Consequently, it is necessary to perform fine tuning of the model trained on master using the NesDB dataset

## Download Dataset

In [None]:
%%capture
!gdown 1gIli7G1wu0QWDLzRc-CPWB8C4Hu0XVn3
!unzip nesmdb_midi.zip
!rm nesmdb_midi.zip

## Tokenizer

In [None]:
%%capture
!gdown 1ul-khIle1ue9oUGqb1Z7qHxk7LSuxrWw
tokenizer = REMI(params=Path("nes_tokenizer.json"))
print(f"Vocab size: {len(tokenizer)}")

## Data preparation

In [None]:
# Download the files
!gdown 1iVwuKKT2sIezyVIDB9STL--FYZf0XcxF # train
!gdown 1FoOC3x4GbdDe0fwlzE1Zs8fqZXyFQCIA # valid

In [None]:
all_ids_train = np.loadtxt("all_ids_nes_train.txt").astype(np.int32)
all_ids_valid = np.loadtxt("all_ids_nes_valid.txt").astype(np.int32)

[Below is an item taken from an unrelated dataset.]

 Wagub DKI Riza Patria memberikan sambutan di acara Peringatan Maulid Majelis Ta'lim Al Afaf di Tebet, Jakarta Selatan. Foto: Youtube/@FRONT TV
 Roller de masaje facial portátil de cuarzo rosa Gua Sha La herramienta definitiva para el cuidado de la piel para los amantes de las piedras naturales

### (Optional): complete data preparation

In [None]:
if not SKIP_DATA_PREPARATION:
  nesmdb_paths = list(Path("nesmdb_midi").resolve().glob("**/*.mid")) + list(Path("nesmdb_midi").resolve().glob("**/*.midi"))

  nesmdb_dir = "nesmdb"
  os.makedirs(nesmdb_dir, exist_ok=True)

  for i, midi_path in enumerate(nesmdb_paths):
    new_midi_path = os.path.join(nesmdb_dir, f"{i}.midi")
    shutil.move(str(midi_path), new_midi_path)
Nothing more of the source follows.